### Record excerpts:
Content starts

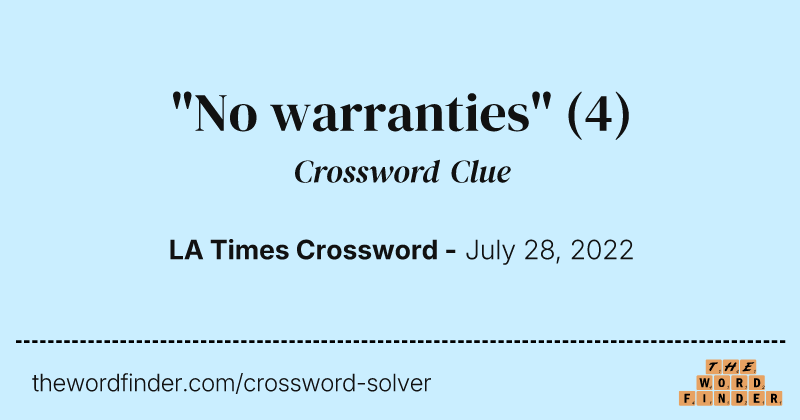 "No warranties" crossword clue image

Content ends
Content starts

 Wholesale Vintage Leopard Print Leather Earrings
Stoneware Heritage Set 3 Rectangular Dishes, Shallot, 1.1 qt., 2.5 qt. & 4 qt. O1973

Content ends
Content starts

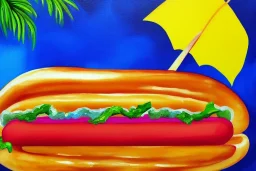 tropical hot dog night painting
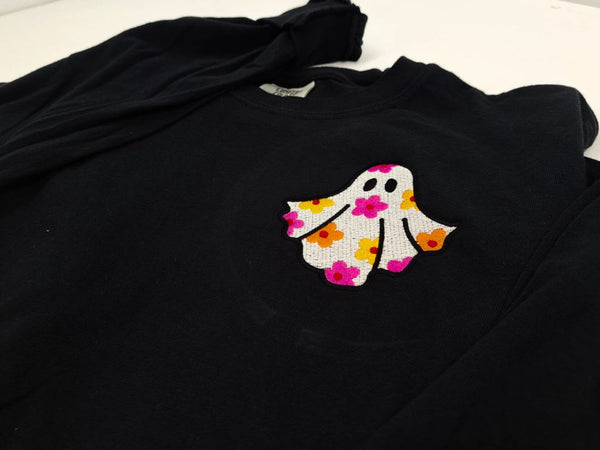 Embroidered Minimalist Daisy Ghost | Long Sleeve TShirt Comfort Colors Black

Content ends

### The problem:
Looking at the data above, write out exactly the lines that start at the one containing "Wholesale Vintage Leopard" and end at the one containing "Stoneware Heritage Set"; include both and nothing beyond.

### Exercise answer:
 Wholesale Vintage Leopard Print Leather Earrings
Stoneware Heritage Set 3 Rectangular Dishes, Shallot, 1.1 qt., 2.5 qt. & 4 qt. O1973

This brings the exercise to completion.